* _Task_
Write out every entry below exactly as it appears. Pictures do not belong in the copy.

* _Input_
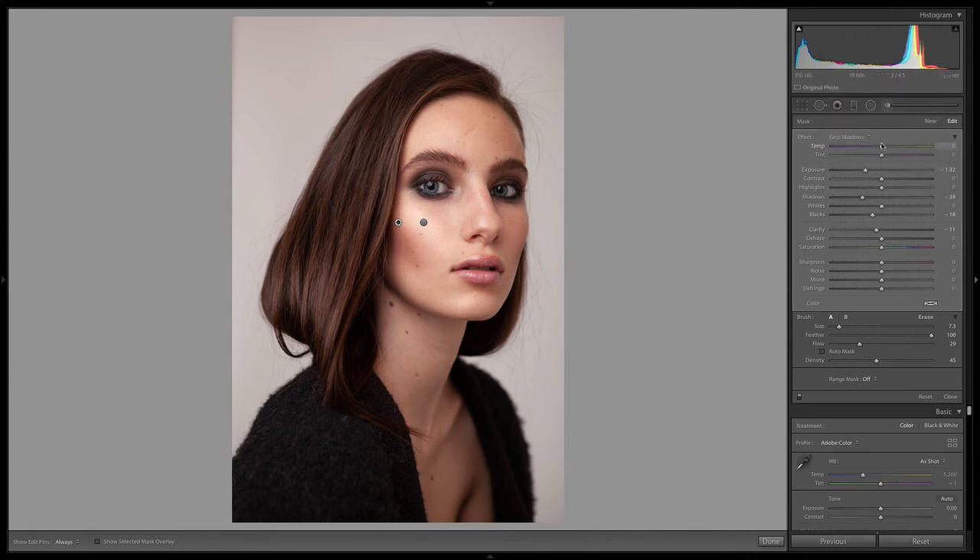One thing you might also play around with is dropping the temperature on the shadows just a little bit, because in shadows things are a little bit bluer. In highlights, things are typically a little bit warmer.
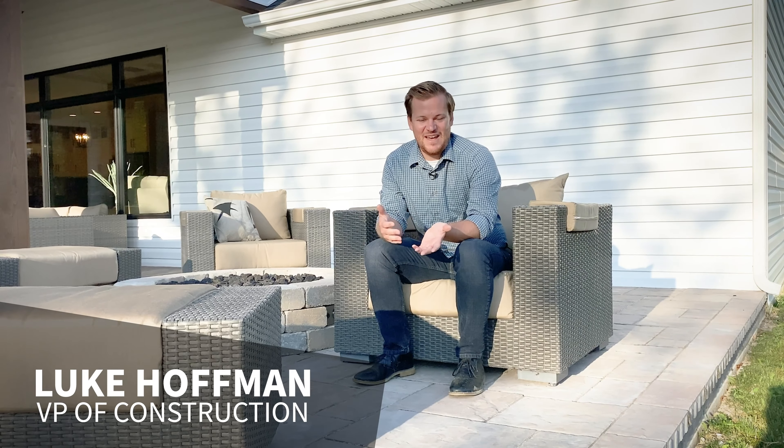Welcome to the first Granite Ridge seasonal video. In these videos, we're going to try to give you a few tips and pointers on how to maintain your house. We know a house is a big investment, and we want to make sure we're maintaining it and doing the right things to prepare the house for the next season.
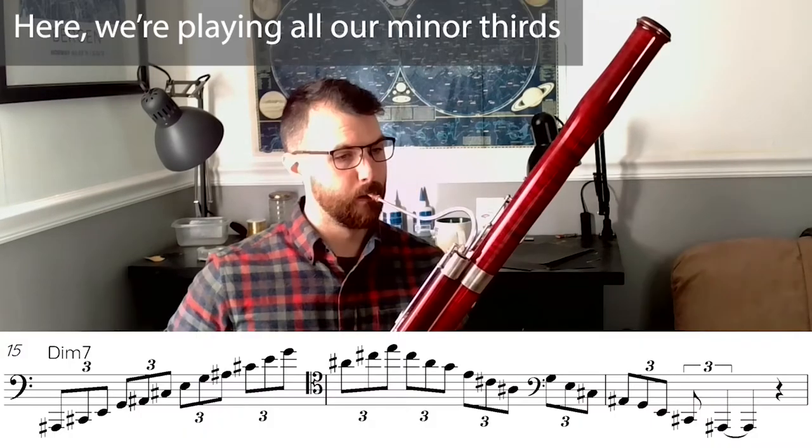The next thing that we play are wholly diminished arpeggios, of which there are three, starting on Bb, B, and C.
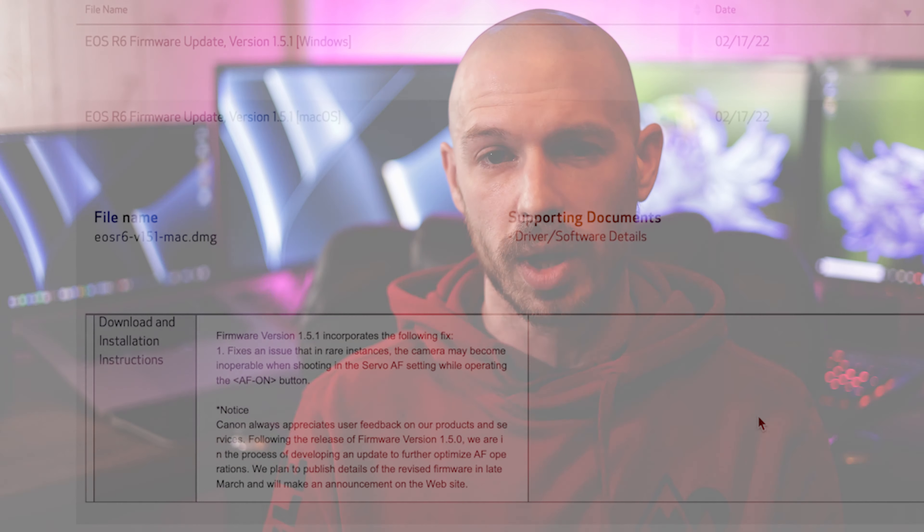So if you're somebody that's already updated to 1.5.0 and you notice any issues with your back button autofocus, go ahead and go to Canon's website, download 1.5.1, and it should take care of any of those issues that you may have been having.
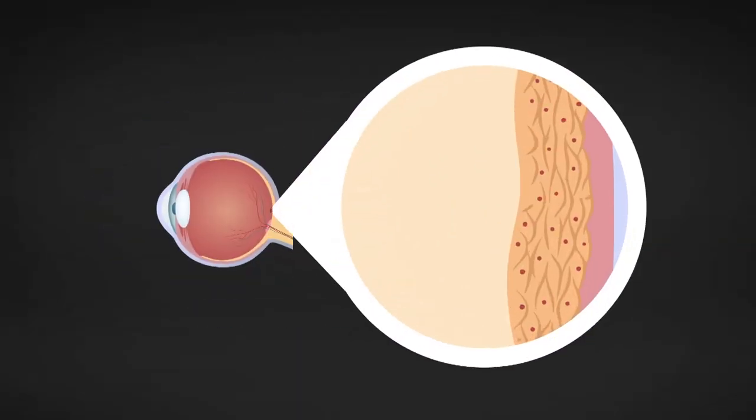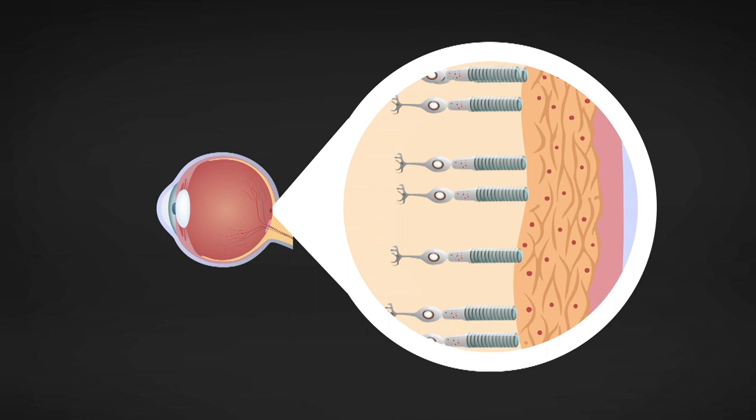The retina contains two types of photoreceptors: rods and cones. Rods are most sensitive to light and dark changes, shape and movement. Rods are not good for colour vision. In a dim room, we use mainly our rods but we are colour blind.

* _Answer below_
One thing you might also play around with is dropping the temperature on the shadows just a little bit, because in shadows things are a little bit bluer. In highlights, things are typically a little bit warmer.
Welcome to the first Granite Ridge seasonal video. In these videos, we're going to try to give you a few tips and pointers on how to maintain your house. We know a house is a big investment, and we want to make sure we're maintaining it and doing the right things to prepare the house for the next season.
The next thing that we play are wholly diminished arpeggios, of which there are three, starting on Bb, B, and C.
So if you're somebody that's already updated to 1.5.0 and you notice any issues with your back button autofocus, go ahead and go to Canon's website, download 1.5.1, and it should take care of any of those issues that you may have been having.
The retina contains two types of photoreceptors: rods and cones. Rods are most sensitive to light and dark changes, shape and movement. Rods are not good for colour vision. In a dim room, we use mainly our rods but we are colour blind.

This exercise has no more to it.